### EXERCISE
Every line in the data below from the one containing "PUMA - Provoke" down to the one containing "Батарея універсальна Mibrand", both included, must be retyped exactly; no other line is to appear.

### EXERCISE MATERIAL

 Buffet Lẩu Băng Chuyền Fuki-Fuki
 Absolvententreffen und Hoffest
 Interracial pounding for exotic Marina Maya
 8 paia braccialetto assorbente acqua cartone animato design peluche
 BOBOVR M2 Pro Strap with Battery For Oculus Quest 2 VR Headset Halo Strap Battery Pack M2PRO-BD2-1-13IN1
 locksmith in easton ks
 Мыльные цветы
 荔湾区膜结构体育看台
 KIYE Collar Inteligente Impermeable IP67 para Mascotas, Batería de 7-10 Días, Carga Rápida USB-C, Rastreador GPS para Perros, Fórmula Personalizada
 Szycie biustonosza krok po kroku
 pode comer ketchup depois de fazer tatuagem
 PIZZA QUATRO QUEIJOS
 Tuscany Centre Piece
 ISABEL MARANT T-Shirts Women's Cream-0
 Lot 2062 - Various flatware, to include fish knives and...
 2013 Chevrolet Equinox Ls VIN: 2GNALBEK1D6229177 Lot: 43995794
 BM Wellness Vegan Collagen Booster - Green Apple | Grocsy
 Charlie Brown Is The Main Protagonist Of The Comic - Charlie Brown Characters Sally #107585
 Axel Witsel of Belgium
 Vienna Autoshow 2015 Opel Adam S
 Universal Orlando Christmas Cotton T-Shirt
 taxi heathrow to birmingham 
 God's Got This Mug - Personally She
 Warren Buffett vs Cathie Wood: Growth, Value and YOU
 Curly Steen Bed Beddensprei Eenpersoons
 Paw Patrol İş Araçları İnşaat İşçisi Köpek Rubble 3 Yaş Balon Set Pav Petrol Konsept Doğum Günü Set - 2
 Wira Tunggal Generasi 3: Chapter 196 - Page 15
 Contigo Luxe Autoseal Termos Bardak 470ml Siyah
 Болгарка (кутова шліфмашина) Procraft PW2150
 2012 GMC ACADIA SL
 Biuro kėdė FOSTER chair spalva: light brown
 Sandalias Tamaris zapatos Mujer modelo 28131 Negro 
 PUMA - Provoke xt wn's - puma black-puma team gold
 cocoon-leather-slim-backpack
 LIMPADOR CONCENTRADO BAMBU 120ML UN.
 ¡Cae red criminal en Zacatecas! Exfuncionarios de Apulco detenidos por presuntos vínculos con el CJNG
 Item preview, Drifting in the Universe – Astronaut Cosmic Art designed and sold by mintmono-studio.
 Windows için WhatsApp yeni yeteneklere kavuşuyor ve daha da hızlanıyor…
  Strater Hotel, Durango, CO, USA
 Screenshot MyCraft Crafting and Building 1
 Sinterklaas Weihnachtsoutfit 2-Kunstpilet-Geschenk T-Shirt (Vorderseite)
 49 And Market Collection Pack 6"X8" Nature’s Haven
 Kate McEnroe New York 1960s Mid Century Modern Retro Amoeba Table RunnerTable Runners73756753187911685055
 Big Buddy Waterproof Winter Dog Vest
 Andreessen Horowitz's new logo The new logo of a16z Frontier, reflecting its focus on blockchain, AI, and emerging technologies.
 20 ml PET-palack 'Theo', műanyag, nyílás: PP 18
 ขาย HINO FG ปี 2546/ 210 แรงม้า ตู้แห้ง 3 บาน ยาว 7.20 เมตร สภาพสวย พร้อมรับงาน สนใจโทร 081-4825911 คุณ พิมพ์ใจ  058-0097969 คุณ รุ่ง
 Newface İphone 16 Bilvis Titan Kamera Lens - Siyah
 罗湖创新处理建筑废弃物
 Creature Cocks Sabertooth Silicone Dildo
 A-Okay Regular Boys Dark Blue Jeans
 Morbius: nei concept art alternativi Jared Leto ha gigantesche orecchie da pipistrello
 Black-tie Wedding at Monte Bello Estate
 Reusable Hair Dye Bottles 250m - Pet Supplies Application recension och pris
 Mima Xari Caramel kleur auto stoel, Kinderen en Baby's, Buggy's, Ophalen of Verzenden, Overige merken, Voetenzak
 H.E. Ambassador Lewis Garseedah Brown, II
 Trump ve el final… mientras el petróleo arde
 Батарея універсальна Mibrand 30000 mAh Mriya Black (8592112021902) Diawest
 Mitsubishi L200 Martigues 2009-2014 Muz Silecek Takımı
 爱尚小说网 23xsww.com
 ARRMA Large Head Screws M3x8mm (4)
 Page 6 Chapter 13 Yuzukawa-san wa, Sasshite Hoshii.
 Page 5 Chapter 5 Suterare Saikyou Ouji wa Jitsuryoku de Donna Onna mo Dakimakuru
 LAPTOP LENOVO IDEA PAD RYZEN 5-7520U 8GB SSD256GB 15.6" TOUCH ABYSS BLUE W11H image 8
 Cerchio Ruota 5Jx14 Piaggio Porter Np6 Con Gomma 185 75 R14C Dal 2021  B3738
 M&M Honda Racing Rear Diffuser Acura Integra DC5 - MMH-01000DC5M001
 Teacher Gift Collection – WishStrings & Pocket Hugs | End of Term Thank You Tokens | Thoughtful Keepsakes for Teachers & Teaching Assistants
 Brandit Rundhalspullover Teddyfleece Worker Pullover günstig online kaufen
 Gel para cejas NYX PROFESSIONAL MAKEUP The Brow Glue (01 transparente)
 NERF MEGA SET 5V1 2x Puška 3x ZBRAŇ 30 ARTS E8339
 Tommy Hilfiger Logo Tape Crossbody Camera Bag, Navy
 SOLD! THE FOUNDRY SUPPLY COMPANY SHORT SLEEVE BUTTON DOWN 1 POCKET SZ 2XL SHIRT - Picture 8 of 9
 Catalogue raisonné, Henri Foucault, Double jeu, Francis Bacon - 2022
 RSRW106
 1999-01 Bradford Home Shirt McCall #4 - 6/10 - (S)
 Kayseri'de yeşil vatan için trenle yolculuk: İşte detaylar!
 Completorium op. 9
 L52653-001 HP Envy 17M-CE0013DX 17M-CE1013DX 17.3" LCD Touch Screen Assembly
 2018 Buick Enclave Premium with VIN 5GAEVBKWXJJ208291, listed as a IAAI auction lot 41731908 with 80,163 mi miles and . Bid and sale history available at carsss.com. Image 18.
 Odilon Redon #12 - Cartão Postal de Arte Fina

### EXERCISE OUTPUT
 PUMA - Provoke xt wn's - puma black-puma team gold
 cocoon-leather-slim-backpack
 LIMPADOR CONCENTRADO BAMBU 120ML UN.
 ¡Cae red criminal en Zacatecas! Exfuncionarios de Apulco detenidos por presuntos vínculos con el CJNG
 Item preview, Drifting in the Universe – Astronaut Cosmic Art designed and sold by mintmono-studio.
 Windows için WhatsApp yeni yeteneklere kavuşuyor ve daha da hızlanıyor…
  Strater Hotel, Durango, CO, USA
 Screenshot MyCraft Crafting and Building 1
 Sinterklaas Weihnachtsoutfit 2-Kunstpilet-Geschenk T-Shirt (Vorderseite)
 49 And Market Collection Pack 6"X8" Nature’s Haven
 Kate McEnroe New York 1960s Mid Century Modern Retro Amoeba Table RunnerTable Runners73756753187911685055
 Big Buddy Waterproof Winter Dog Vest
 Andreessen Horowitz's new logo The new logo of a16z Frontier, reflecting its focus on blockchain, AI, and emerging technologies.
 20 ml PET-palack 'Theo', műanyag, nyílás: PP 18
 ขาย HINO FG ปี 2546/ 210 แรงม้า ตู้แห้ง 3 บาน ยาว 7.20 เมตร สภาพสวย พร้อมรับงาน สนใจโทร 081-4825911 คุณ พิมพ์ใจ  058-0097969 คุณ รุ่ง
 Newface İphone 16 Bilvis Titan Kamera Lens - Siyah
 罗湖创新处理建筑废弃物
 Creature Cocks Sabertooth Silicone Dildo
 A-Okay Regular Boys Dark Blue Jeans
 Morbius: nei concept art alternativi Jared Leto ha gigantesche orecchie da pipistrello
 Black-tie Wedding at Monte Bello Estate
 Reusable Hair Dye Bottles 250m - Pet Supplies Application recension och pris
 Mima Xari Caramel kleur auto stoel, Kinderen en Baby's, Buggy's, Ophalen of Verzenden, Overige merken, Voetenzak
 H.E. Ambassador Lewis Garseedah Brown, II
 Trump ve el final… mientras el petróleo arde
 Батарея універсальна Mibrand 30000 mAh Mriya Black (8592112021902) Diawest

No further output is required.